アフリカ北西部(現アルジェリア・モロッコ)

 カルタゴより西側、現在のアルジェリア沿岸部からモロッコにかけての地域には、ベルベル人と呼ばれる人々が住んでいました。BC3世紀頃、このベルベル人が築いたのが、ヌミディア王国マウレタニア王国です。

 第2次ポエニ戦争が起こると、ヌミディア内ではローマ側、カルタゴ側それぞれに付く者が出現、結局はローマ側に付いたマシニッサがカルタゴ軍を破ってローマ勝利に貢献し、戦後ヌミディア王となります。

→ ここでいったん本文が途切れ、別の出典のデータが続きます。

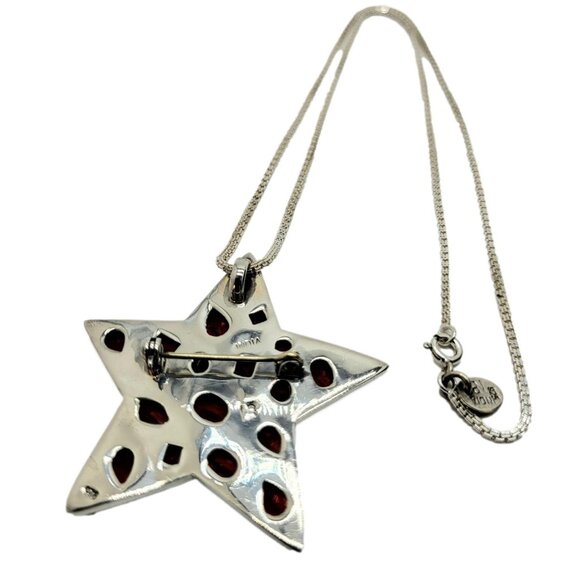 Nicky Butler Vintage Garnet gemstone Star Pendant Brooch .925 Sterling Silver - Picture 11 of 15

 しかしマシニッサの次の王の時代になると、彼の孫であるユグルタが実権を掌握し、後継者争いが発生します。これにローマも介入し、BC111年ユグルタ戦争が起こりました。激戦の末、ローマはBC105年に何とかユグルタ軍に勝利しましたが、この時ローマに協力したのが、ヌミディアの隣国マウレタニア王国です。ユグルタ戦争後、ヌミディアの支配域は両国によって分割されました。

 

アナトリア地方(現トルコ)

 アレクサンドロス大王の没後、アナトリア高原は後述するセレウコス朝シリア王国の統治下にありましたが、その力は弱く、BC3世紀からペルガモン、ガリティア、ビテュニア、カッパドキア、ポントゥスといった国が次々と自立していきました。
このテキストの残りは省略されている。